Pour le patron de l’Anssi, la loi de programmation militaire (LPM) de décembre 2013 apporte une partie de réponse, en imposant aux opérateurs d’importance vitale d’au moins enfiler un casque, en espérant une propagation capillaire des bonnes pratiques. Plusieurs arrêtés sectoriels ont été publiés durant l’été. De quoi dire que « l’on est en fin de phase de build » et que l’on s’apprête à passer en « phase de run ». En essayant de « faire ça intelligemment avec des coûts maîtrisés ».  

Mais les obstacles psychologiques paraissent encore nombreux : « souvent, lorsque l’on parle de la menace, on dit ‘c’est la fin du monde que vous annoncez ; il n’y a rien à faire ». Une posture défaitiste à laquelle Guillaume Poupard réplique : « non, on sait ce qu’il faut faire ». Certes, pour lui, la sécurité à 100 % relève de l’illusion, de quoi laisser « de la marque pour l’Anssi continue d’exister dans son rôle opérationnel ». Mais la logique est simple : « on prépare le pire de manière à ce qu’il ne se produise pas, ou à ce que l’on prêt à réagir efficacement ».

Et puisque « la sécurité est et reste l’affaire de tous », Guillaume Poupard estime que chacun a « un rôle très fort à jouer en termes de conviction, de pédagogie vis-à-vis de vos PDG, clients, et nous de nos ministres. Il faut expliquer les choses ». Et cela surtout parce qu’il s’agir de « sujets compliqués, arides ». Son rêve assumé ? « Convaincre les gens avant les drames ». Bien sûr, après… « c’est plus facile ».

La qualification d’offres de services de confiance vise à aider. Les prestataires d’audit ainsi labélisés sont de plus en plus nombreux au point que « si l’on m’avait dit ça au départ, je n’y aurais pas cru », relève le patron de l’Anssi. La certification des prestataires de détection d’incidents est quant à elle en phase « expérimentale ». Et cela semble parfois douloureux, à écouter Guillaume Poupard. Mais « cela a de la valeur parce que ce n’est pas simple ».

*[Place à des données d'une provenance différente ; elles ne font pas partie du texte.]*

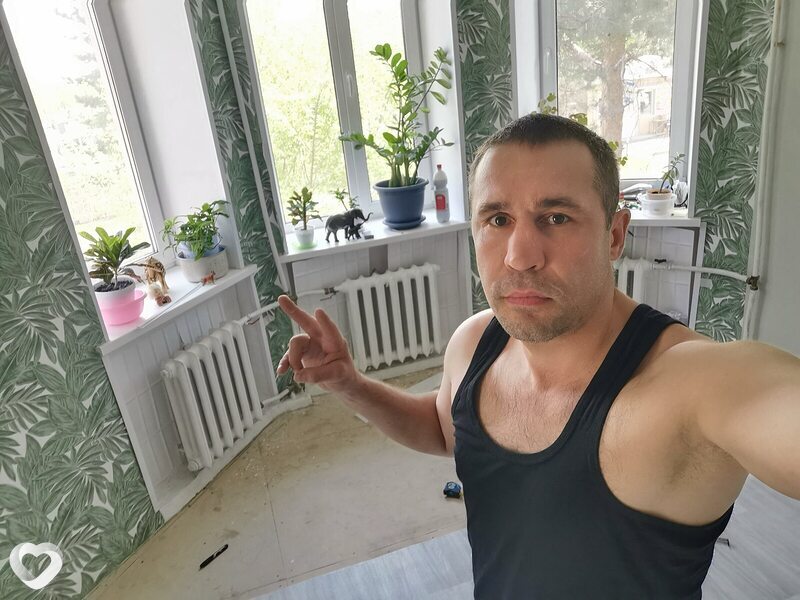 Александр, Арсеньев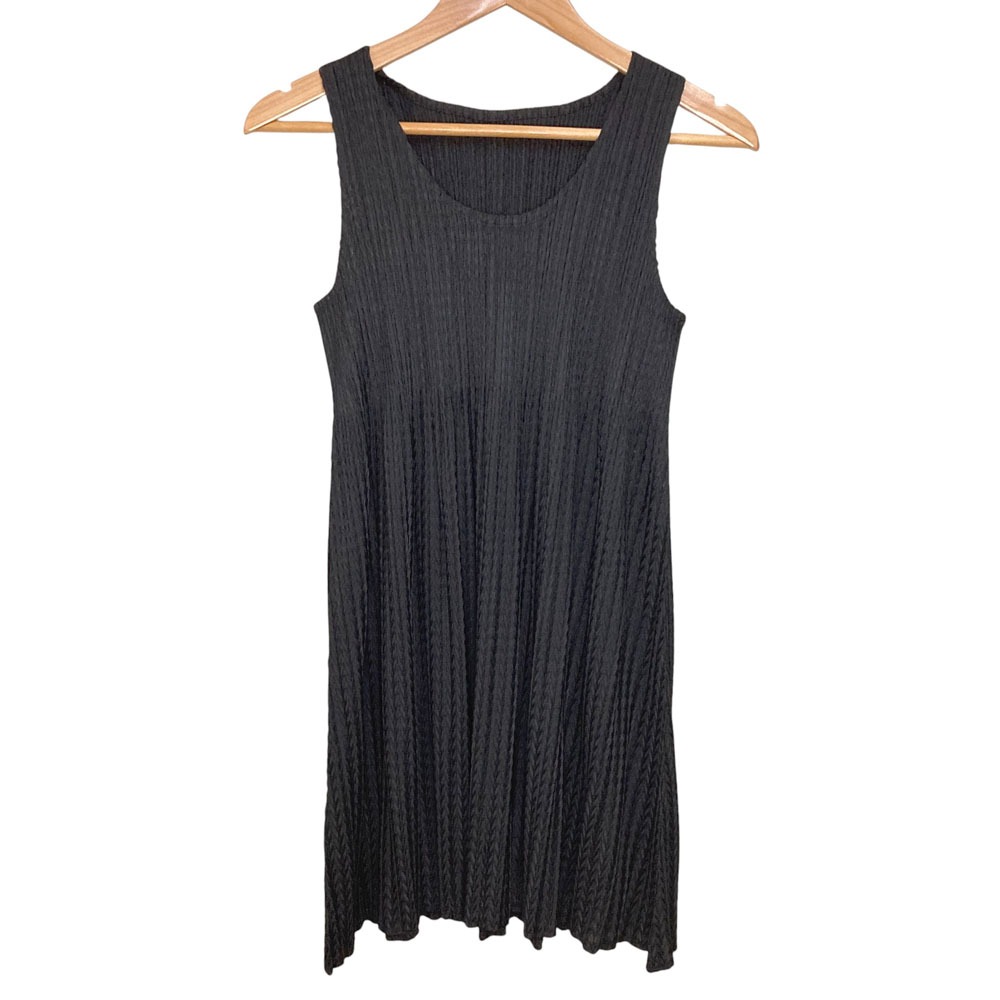 楽天市場】プリーツプリーズイッセイミヤケ サイズ3（トップス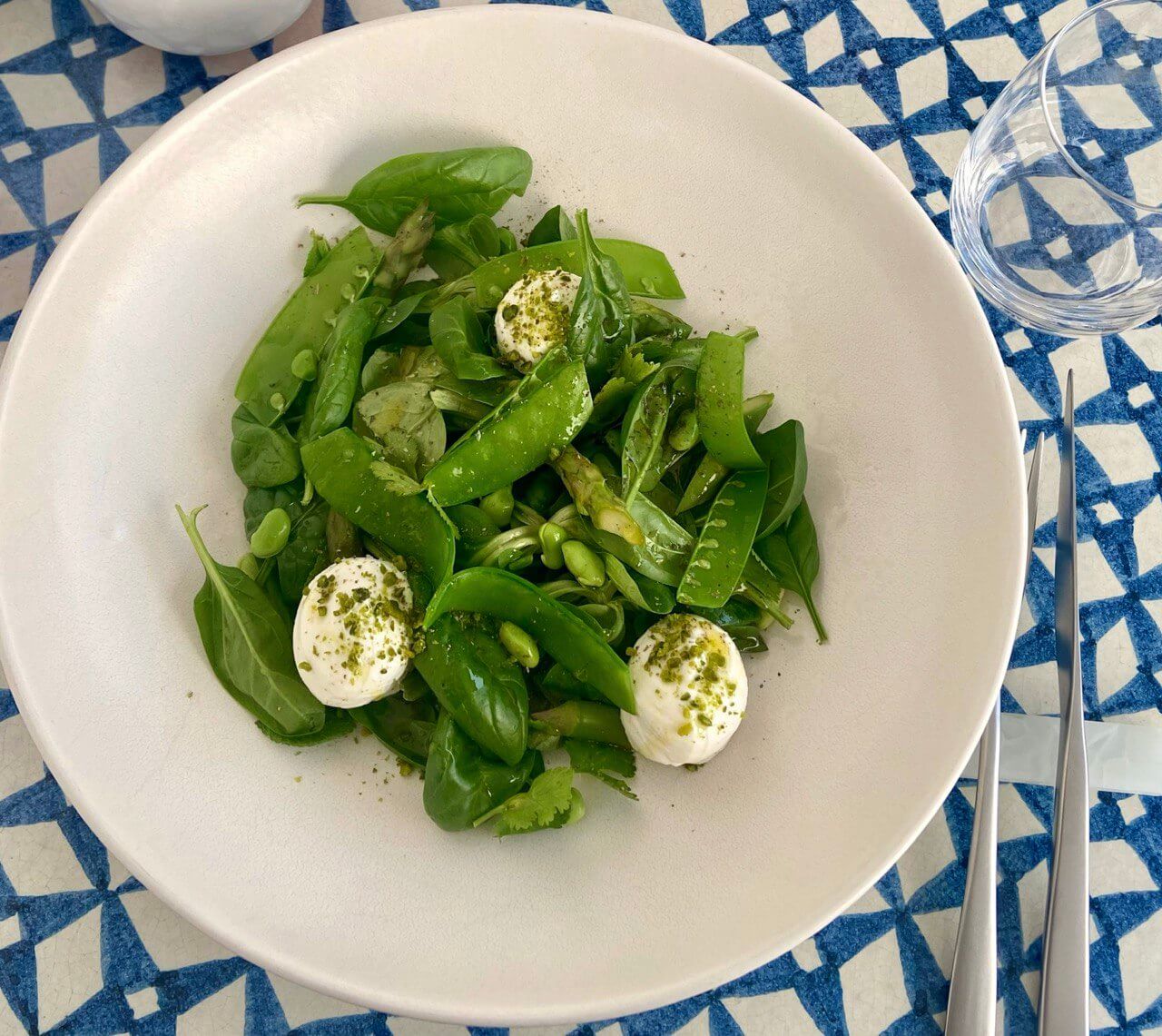 обложка новости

Mais la sécurité des systèmes d’information ne s’arrête pas aux frontières, qu’il s’agisse des OIV dont les réseaux peuvent s’étendre au-delà, ou des industriels du secteur. Le patron de l’Anssi est ainsi revenu sur la directive NIS, adoptée en juillet dernier, et qui « reprend beaucoup d’idées de la LPM ». Mais il a également évoqué une « vigilance » sur les traités commerciaux transatlantiques en cours de négociation, qui « traitent de questions numériques et de sécurité » et ne doivent pas être en contradiction, en définitive, avec « ce que l’on fait en France et en Europe », notamment en termes de certification.

Au-delà, si l’Europe de la cybersécurité reste à construire, pour Guillaume Poupard, les choses avancent. Et cela tout particulièrement depuis que la Commission européenne a annoncé un partenariat public-privé, centré sur la coopération dans la recherche et le développement en sécurité des systèmes d’information. Il bénéficiera de 450 M€ d’investissement.

Le patron de l’Anssi se dit en outre favorable à des partenariats avec des industriels en dehors de l’Europe : « toute forme de coopération intelligente, non naïve », où chacun doit « trouver sa place et son intérêt ». Ce qui ressemble à un clin d’œil au partenariat noué par Thales avec Cisco il y a quelques mois.